I’d pay cash money to have seen the look on that guy’s face when the receptionist walked in and told him she’d been peeing in the lobby — and then blamed the firm for the situation.
Littler is one of the leading employment law defense firms in the country. It’s really not surprising that a firm well-known for “defend[ing] many of the world’s leading corporations” told this lady to leave before she dripped anything on the stationery.
I know we’re in a recession, but if you honestly feel that your employer isn’t creating enough time for you to pee, then you need to quit your job before you start pissing yourself. I mean, my dog knows this!
In any event, Landrith would like Littler Mendelson is pay her $1.59 million.
Instead, I think Littler should buy her a lifetime supply of adult diapers, and call it a day.
Former receptionist sues Littler Mendelson over bathroom breaks [Washington Business Journal]




Comments
First to say Ellie is having a great day!
In December 2010, I accidentally piss all over Kash's work station. I work out an agreement with her that if she didn't tell Lat, I would stop stealing her lunch from the office refrigerator at least twice week.
This delayed my inevitible firing for two full years.
First to say PisssTTTOL
I would rather wet myself with dignity than have an entire partnership take a hot steamy Latham all over my career.
Hasn't she ever heard of Astronaut Diapers?
I wonder if this lady is single. On the plus side, if she is $1.5 million richer after winning this case, she would be quite a catch. On the downside, she pisses in her pants. Tough call.
I didn't know a receptionist could have a 'career'. But, I don't see the problem here, she really should have just gotten up & if she got fired, then she would have a real live lawsuit, instead of the pretend one she actually filed.
So, imagine taking her deposition in this case. She asks for a break in the middle of a tough question. What do you do?
I just wet myself.
Will Ellie comment on Future Ellie or will this somehow disrupt the time-space continuim?
I laughed so hard at Future Ellie I pissed myself.
Future Ellie is hilarious.

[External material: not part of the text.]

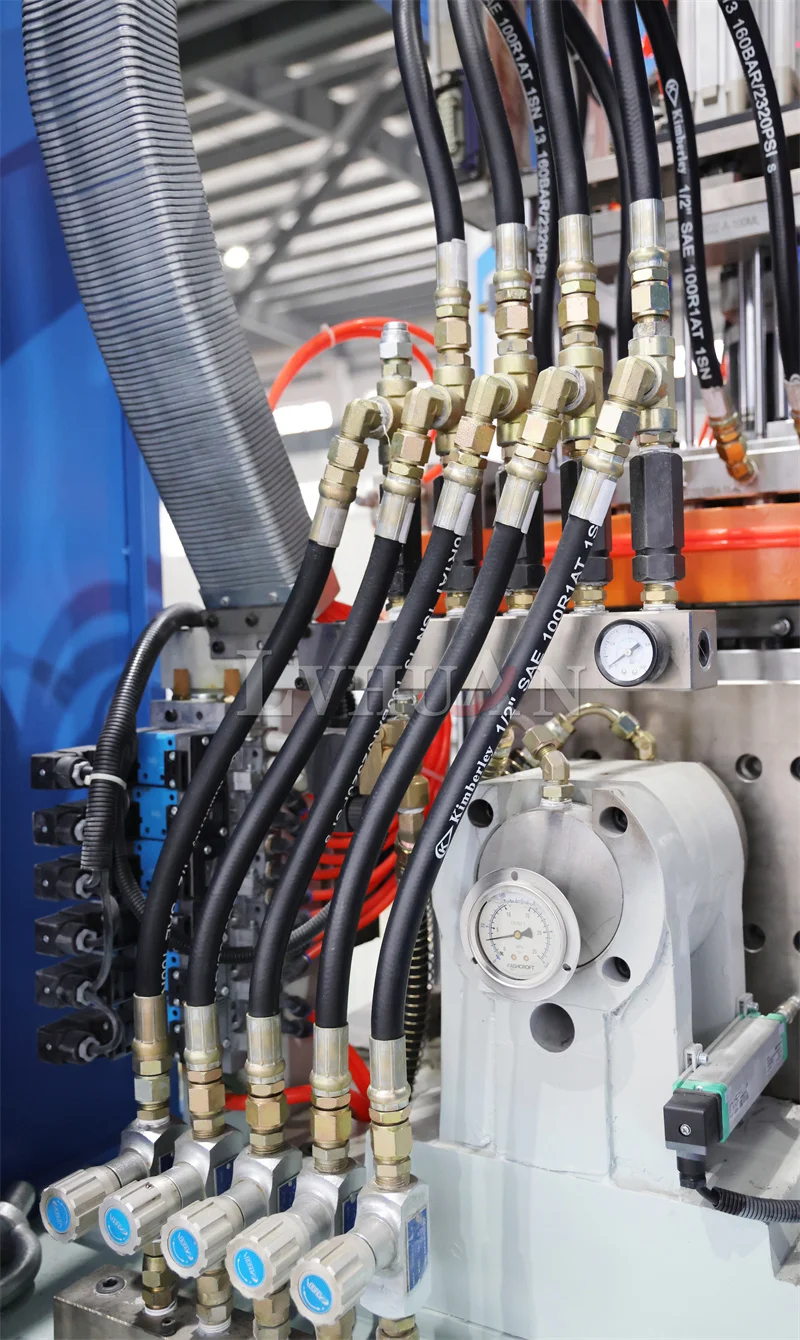 PET one stage injection stretch blow molding machine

There's so much you can do with this. Does future Ellie have future homeless babies?
Roxana's ears perk up -- "so you mean her job is open now?"
The benefits package at my firm provides an adult diaper stipend along with full coverage for colostomy procedures.

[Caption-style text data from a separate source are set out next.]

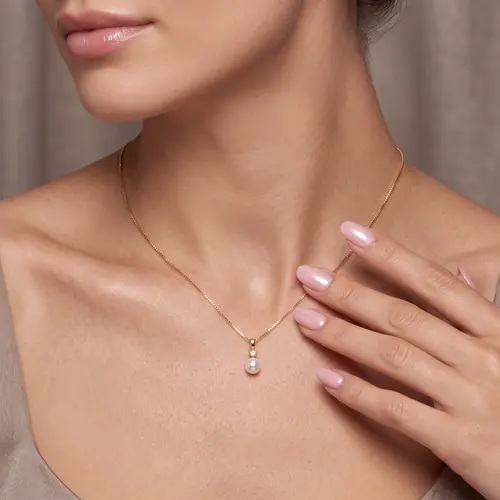Pingente de Ouro Amarelo com Corrente, Diamante e  Pérola.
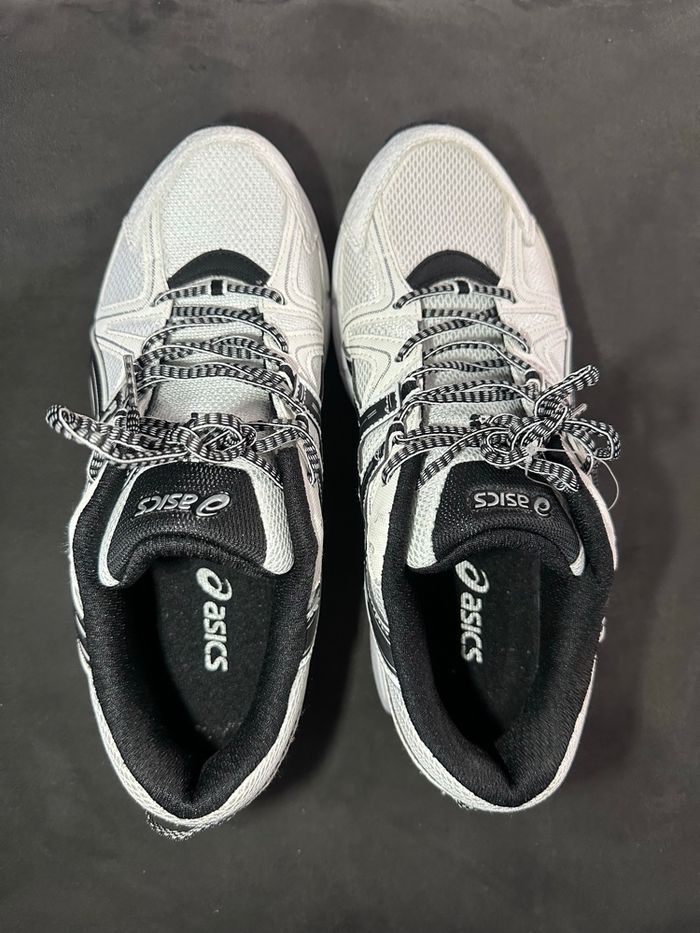 Asics Gel Kahana 8 blanches/noires – pointure 45 - photo numéro 2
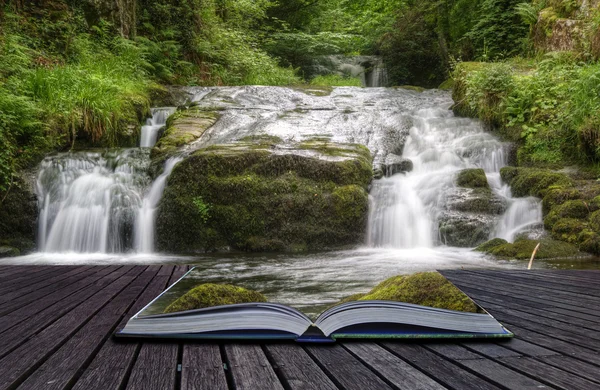 Creatief concept beeld van vloeiende woud waterval coming out van — Stockfoto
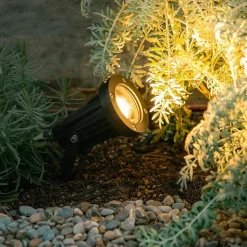 Helio robust drejbar udendørsspot, sort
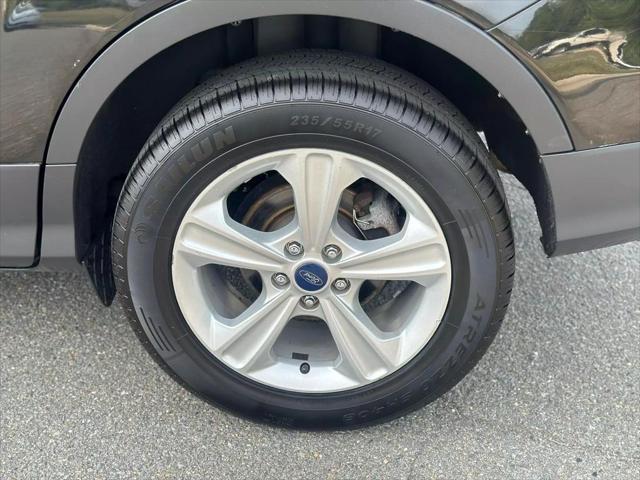 Photo of 2015 Tuxedo Black Ford Escape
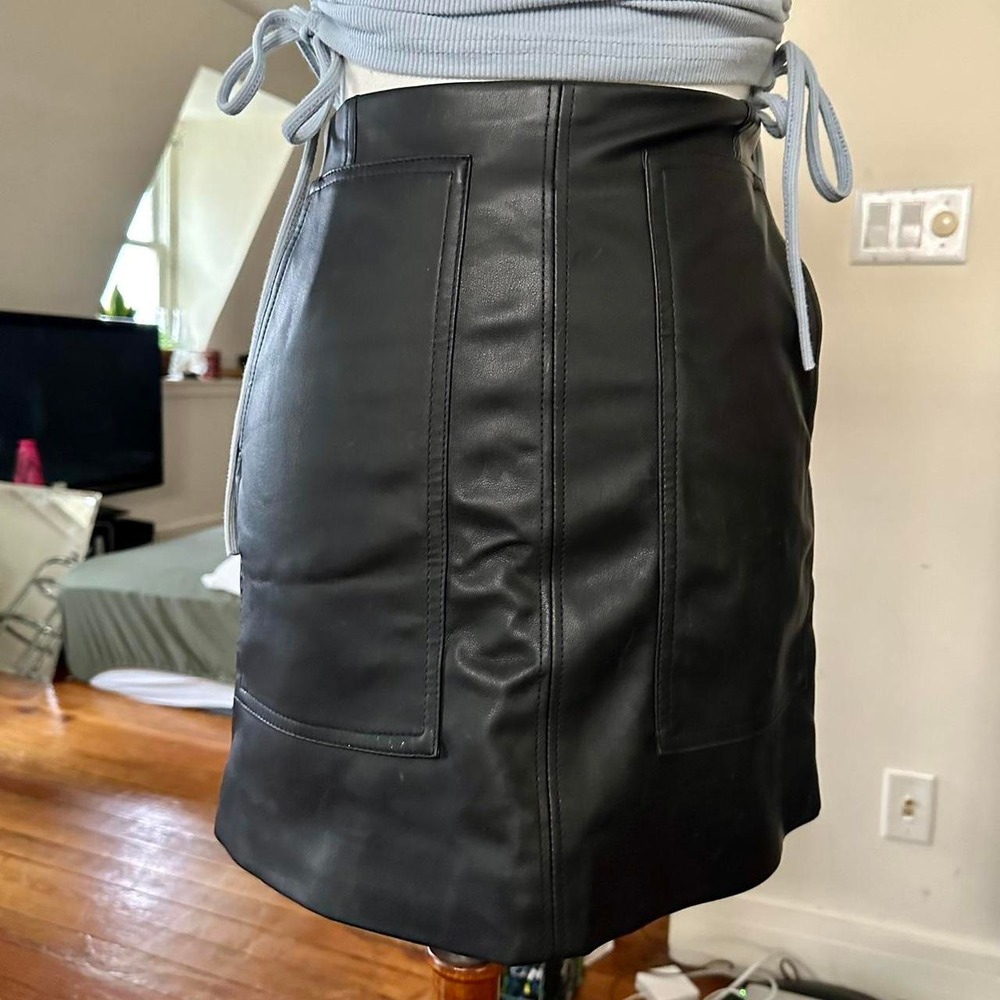 H&M black faux leather mini skirt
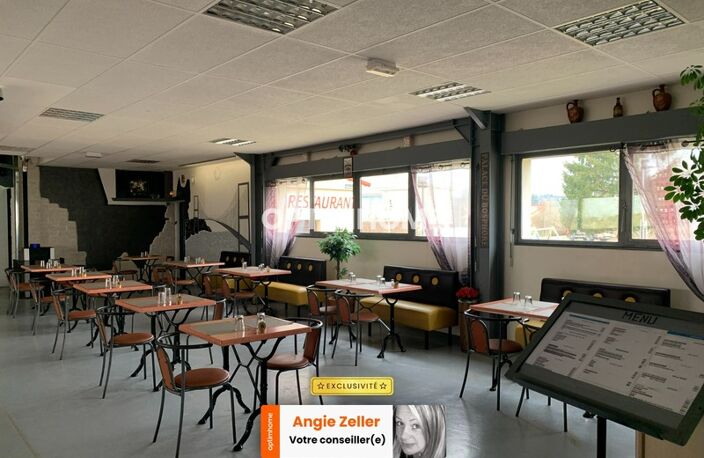 Murs et fonds de commerce - restaurant - salle de spectacle - appartement type 3 - atelier/garage - 450 m² - Saint-Pierre — photo 4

Future Elie blows. Picture is funny...guy writing commentary is not. What a waste of a great idea.
Anyone seen Past Elie?
The firm's defense "When she said "I have to go to the little girl's room" they thought she was answering the phone "Littler Firm"
I'd bet that "Landrith would like Littler Mendelson is pay her $1.59 million," if that sentence made any grammatical sense.
12 - Get a life.
@17
Holy. Fucking. Shit. Go kill yourself.
How do you search for a stock photo of someone who needs to pee?
How do you search for a stock photo of someone who needs to pee?
Please let me out. I need to relieve myself.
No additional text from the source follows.